== RECORDS FOR THE TASK ==
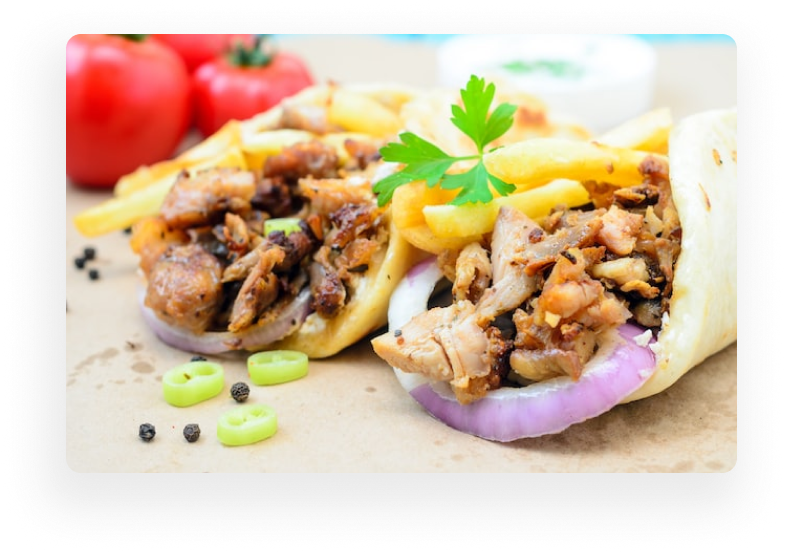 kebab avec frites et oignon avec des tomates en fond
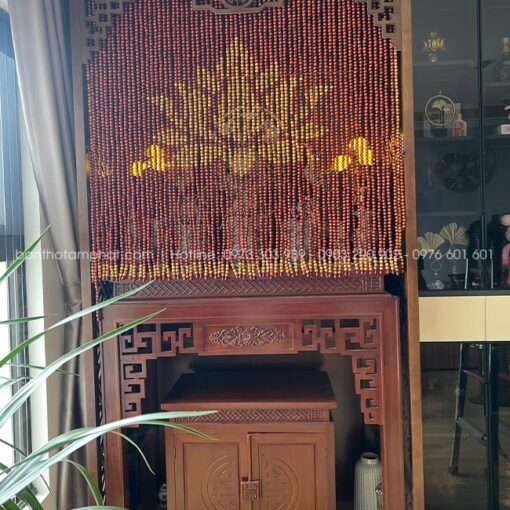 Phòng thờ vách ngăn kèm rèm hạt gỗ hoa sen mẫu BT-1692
===
== RECORDS FOR THE TASK ==
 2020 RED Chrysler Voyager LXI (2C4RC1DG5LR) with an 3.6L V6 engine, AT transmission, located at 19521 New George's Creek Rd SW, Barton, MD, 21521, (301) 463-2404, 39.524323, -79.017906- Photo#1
===
**EXERCISE GOAL:** From the records above, write out exactly the lines that begin at the line with "kebab avec frites" and end at the line with "Phòng thờ vách". Pictures must not appear in the output.

**RESULT OF THE EXERCISE:**
 kebab avec frites et oignon avec des tomates en fond
 Phòng thờ vách ngăn kèm rèm hạt gỗ hoa sen mẫu BT-1692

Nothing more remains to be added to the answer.